E quella era anche un po’ la dimostrazione di quanto ognuno di quei vecchi tenesse al proprio ruolo nel gruppo, all’io sociale e alla cosiddetta leadership, che tra borie di felicità e meriti maniacali diventava spesso il fatto del giorno. L’alcol, servito in bicchieri di plastica scadenti, aiutava a dissimulare una certa serietà dietro facce paonazze e disinibite, accompagnando l’immancabile sigaretta che non risparmiava nessuno. C’erano schermaglie di visioni e linguaggi ben lontani dai discorsi delle vecchie sulle panchine, poco distanti a ricordare orgogliose di quando i loro mariti lavoravano e non avevano tempo per quel bicchierino in più. Apparivano vinte, disanimate, e la loro fragilità si coglieva subito da come trattavano alcune nostalgie, salvo quando erano i figli oramai adulti ad essere al centro delle loro discussioni, allora i loro occhi ricominciavano a parlare. La voglia di ridere, comunque, era di meno e si leggeva subito da quelle rughe ferme lì, indomite, a ripercorrere sentieri di perduta e ritrovata bellezza.
Erano tre mesi ma pareva un secolo.
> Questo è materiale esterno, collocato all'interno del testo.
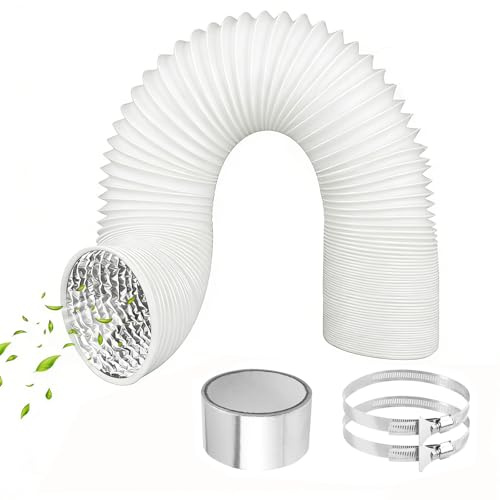 ComPDCVD Ducting Tumble Dryer Hose Portable Air Conditioner Hose Clothing Dryer Hoses Venting Duct PVC Flexible Air Con Vent Universal Pipe (80mm Ducting White)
Lauren, ventisette anni mostrati con impertinenza, aveva il tipico carattere di chi fa bene le cose ma al contempo si preclude ogni strada possibile. Alla natura del suo talento, infatti, contrapponeva l’incapacità di prevalere su ogni situazione o persona che la facesse un attimino rimbalzare davanti a un ostacolo, compresa sé stessa. Quel fascino sapido e pulito apparteneva non solo a quei tratti somatici di origine polacca e a quelle manie di perfezione che nascevano da sole. Era qualcos’altro, oltre qualunque legge astrale o genetica particolare. Teresa invece nascondeva il suo fascino dietro un viso asciutto e mascolino e dei capelli lunghi amaranto, con occhiaie livide a decorare l’eleganza maledetta di un’espressione cupa e riflessiva, anche se quella sensualità la doveva soprattutto alla calma intellettuale e a quella voce da cartone animato con la quale si esprimeva.
Sulla carta era la tua donna ideale, ma le carte mentivano quasi sempre e tu non avresti mai fatto a meno di Lauren né Teresa avrebbe fatto a meno di tutti e due. Se era molto tempo che avevi deciso di non avere accanto nessuno, da quel giorno ti eri abbandonato a loro due, così affabili e complementari, determinanti. Stare da solo con Teresa avrebbe significato tradire quella trama fuori dalle regole ch’era diventata una promessa. L’amore poteva esistere solamente fra loro e attraverso il tuo cervello quell’amore si rafforzava giorno dopo giorno. Anche ora, mentre ti camminano davanti mano per mano e vi sedete al lato opposto dei vecchi che giocano a carte, fanno parte della tua ombra. Teresa ti bacia sul collo, Lauren sembra irritata dalle grida dei bambini che corrono sul prato. Tu, malato di gioia, non scosti lo sguardo da quei vecchi che si irridono, ognuno con un personaggio a caso assegnato dalla circostanza. Come loro, nel completo rapimento, preferivi recitare piuttosto che ammettere di aver perso.